6 things to consider with AI detection tools
By Nik Janos and Zach Justus
When Zach and I talk to colleagues about ChatGPT and other generative AIs, the conversation always includes the topic of plagiarism and cheating. For many different reasons students cheat and for many different reasons instructors and students are concerned about cheating and plagiarism. This post isn’t about the politics and best practices of academic integrity. Rather it is a cautious warning about the quest to find a technical fix to cheating with AI. As soon as ChatGPT was released in the fall of 2022, individuals and companies have been building AI detection tools. These tools began to roll out in 2023. This is the arms race that we theorized in our first post in February 2022.
Here are 6 things to know about AI detection tools if you are considering using them this fall.
1. Students cheat. It’s always good to remind ourselves that students cheat and they have been doing this in many different ways and for many different reasons. The pandemic increased chatter about the amount of student cheating. Generative AI is the latest tool students can use to reduce the amount of time and effort they need to put into assignments.
2. It is very difficult to determine if something was written by an AI or by a human. Professional hubris leads some professors to think they can do a smell test. The “I know it when I see it” response. Others are looking for help.
3. A number of AI detection tools are already on the market. This includes Turnitin’s built-in AI detection tool, which was quietly enabled at CSU Chico in the spring without any warning or context, GPTZero, and Crossplag.

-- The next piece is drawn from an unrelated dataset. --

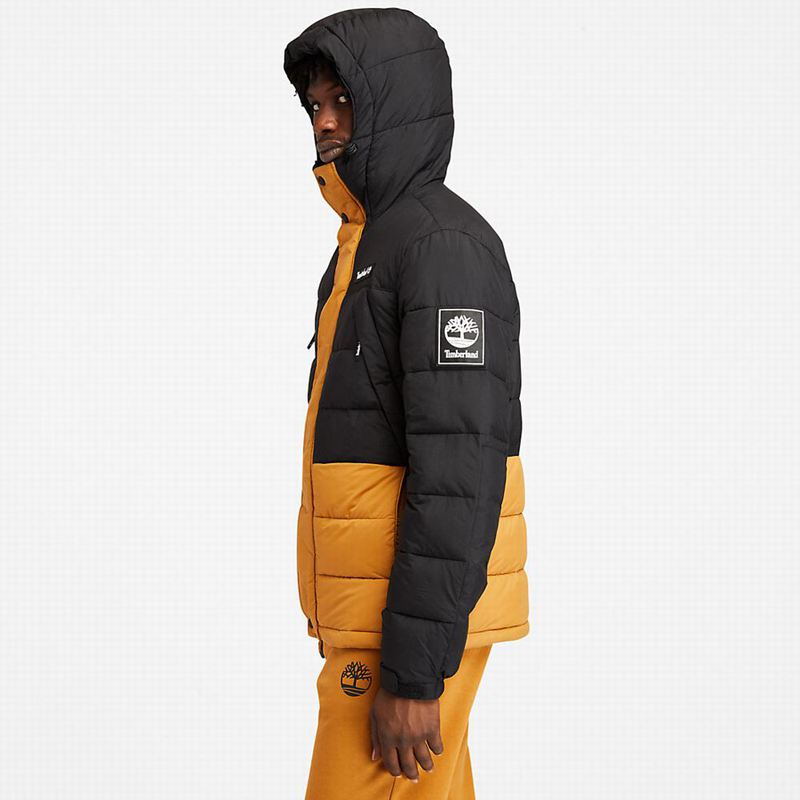 Timberland Light Insulated Donje Jakne Žute | 12603263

4. There are massive limitations with these tools. In a telling sign, OpenAI, the company who runs ChatGPT, recently shut down its own AI detection tool. Google “students accused of cheating with ChatGPT” and you’ll find scores of stories about accusations and false positives. On our Youtube channel, we have videos walking you through these tools and assessing what they are capable and incapable of doing. Ethan Mollick provides reasonable caution about using these tools and the gray area of what constitutes plagiarism.
5. If you do use these tools, be reflexive about their limitations and the equity and ethical implications of accusing students of cheating. Whatever Turnitin says, it is not necessarily what we think it says. We are working with black boxes here. Accusing students of cheating with limited evidence is always mixed with racial, class, gender, and ability biases. If you do use these tools, it is best to use them to start a conversation with a student about their work rather than accuse them of cheating.
6. It’s time to reconsider the types of assignments we give students and the learning objectives behind them. In his post “AI has changed your class. Panic: No. Re-Build: Yes,” Zach outlines the kind of work everyone will need to begin doing to meet the new challenge of generative AI. It’s worth reading again. There are many other guides available on the internet and our campus community, at the department level, college level, and university level should work together to develop the myriad of changes and strategies for successful pedagogy in the era of generative AI. There will not be one size fits all but we should all get to work and share what's working and what’s not.